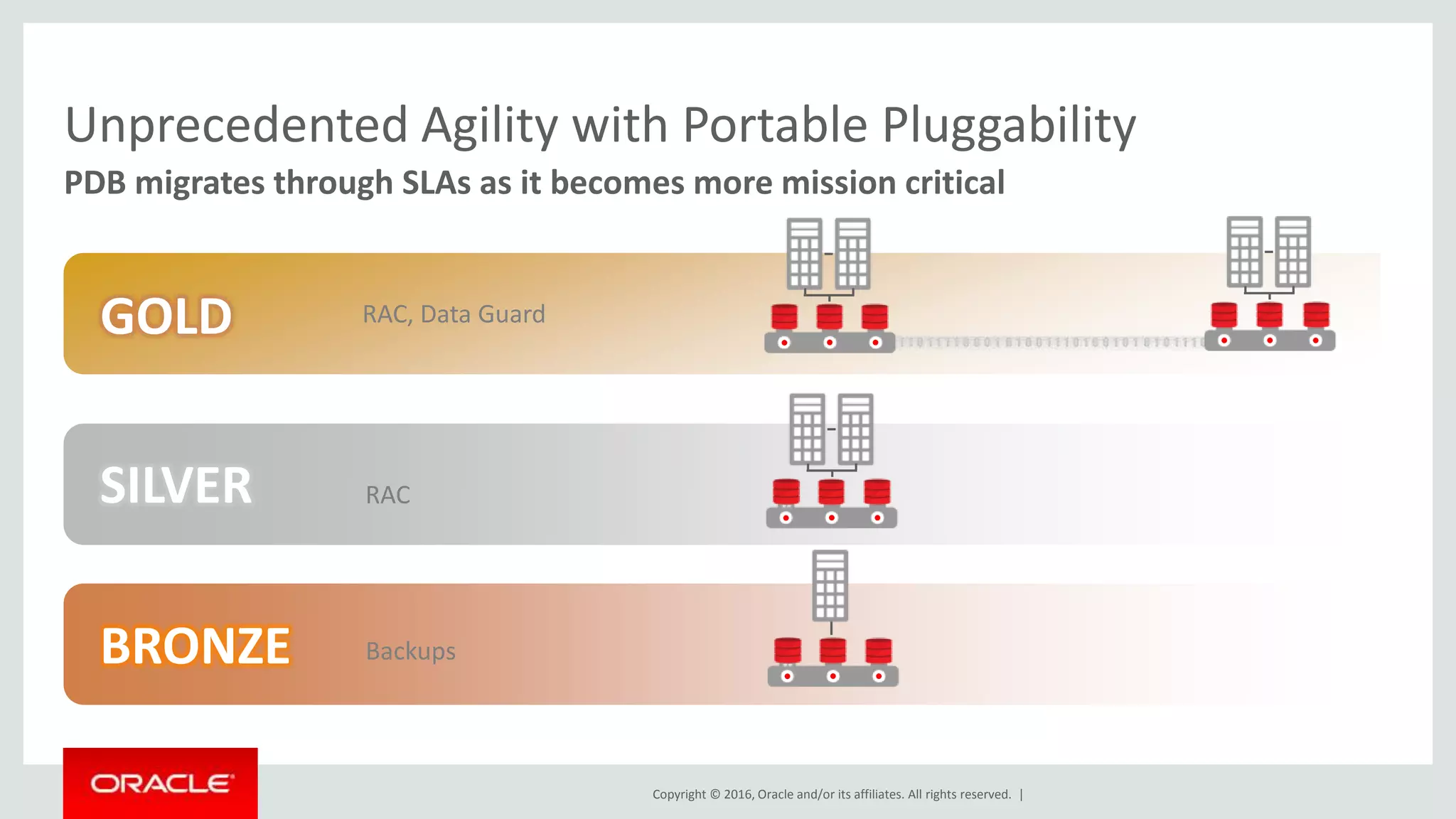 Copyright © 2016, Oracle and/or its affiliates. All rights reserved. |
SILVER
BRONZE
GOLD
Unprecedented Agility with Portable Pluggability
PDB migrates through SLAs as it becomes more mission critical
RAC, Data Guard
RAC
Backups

------------------------------------------------------------

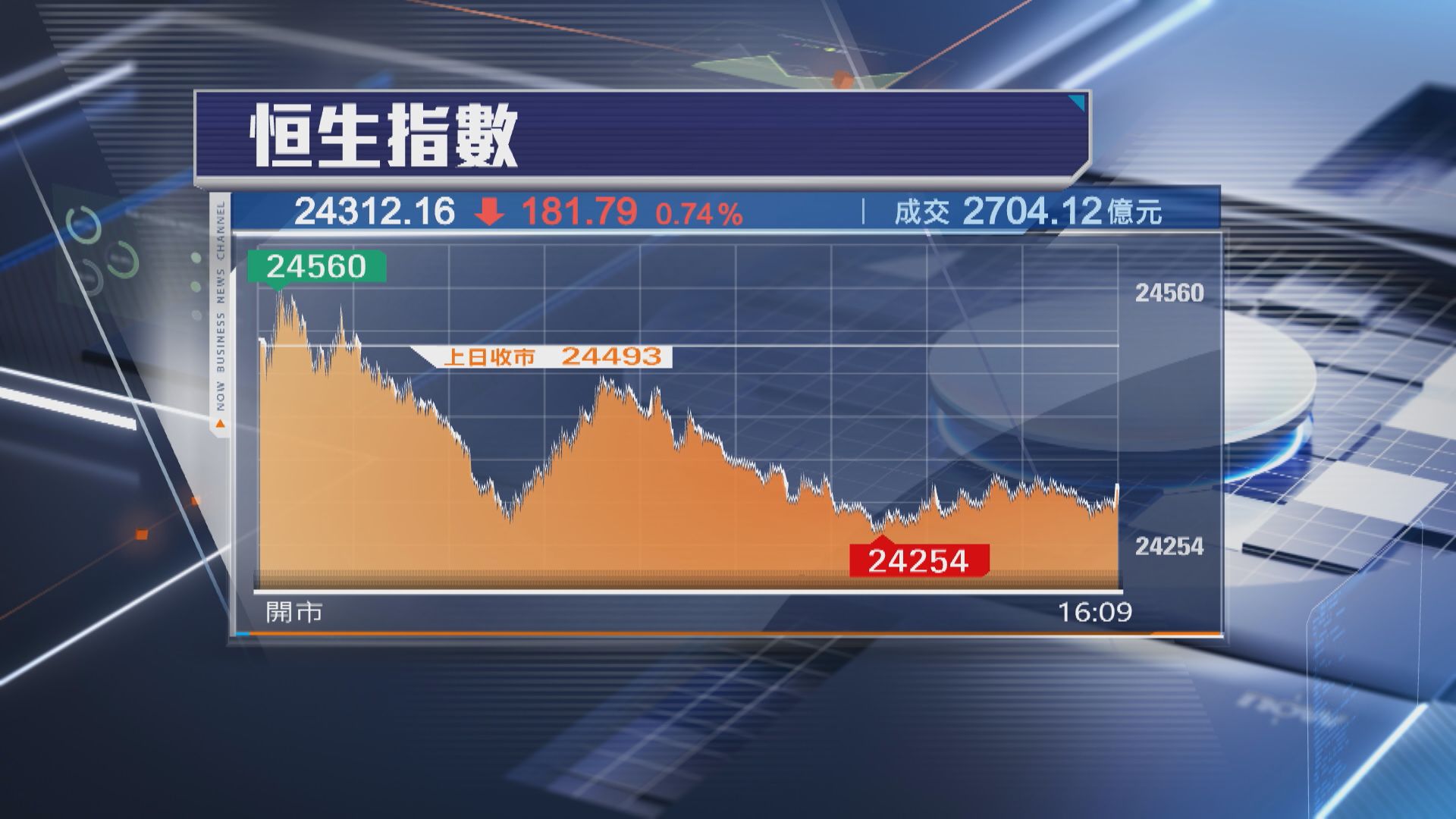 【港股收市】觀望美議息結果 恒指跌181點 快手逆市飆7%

------------------------------------------------------------

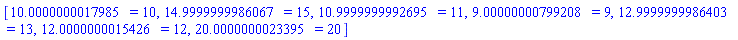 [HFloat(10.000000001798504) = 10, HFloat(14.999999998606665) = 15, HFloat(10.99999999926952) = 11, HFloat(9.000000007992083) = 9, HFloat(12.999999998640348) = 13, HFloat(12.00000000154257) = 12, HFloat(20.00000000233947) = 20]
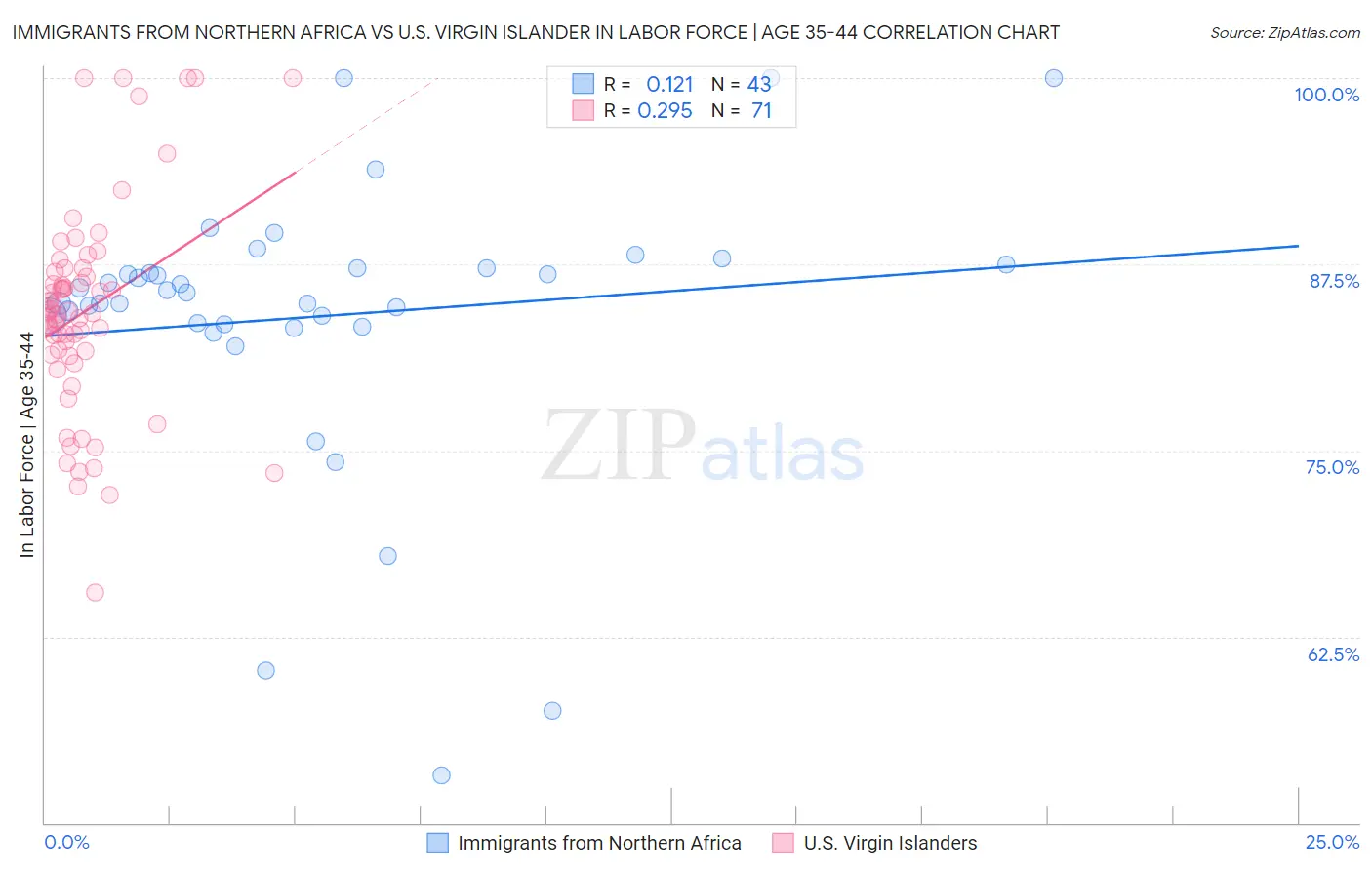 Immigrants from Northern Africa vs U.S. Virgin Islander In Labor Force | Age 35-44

------------------------------------------------------------

## What you have to do
Beginning with the line holding "[HFloat(10.000000001798504) = 10, HFloat(14.999999998606665)" in the material above, restate word for word each line through the line holding "Immigrants from Northern", and exclude pictures.

## Answer
 [HFloat(10.000000001798504) = 10, HFloat(14.999999998606665) = 15, HFloat(10.99999999926952) = 11, HFloat(9.000000007992083) = 9, HFloat(12.999999998640348) = 13, HFloat(12.00000000154257) = 12, HFloat(20.00000000233947) = 20]
 Immigrants from Northern Africa vs U.S. Virgin Islander In Labor Force | Age 35-44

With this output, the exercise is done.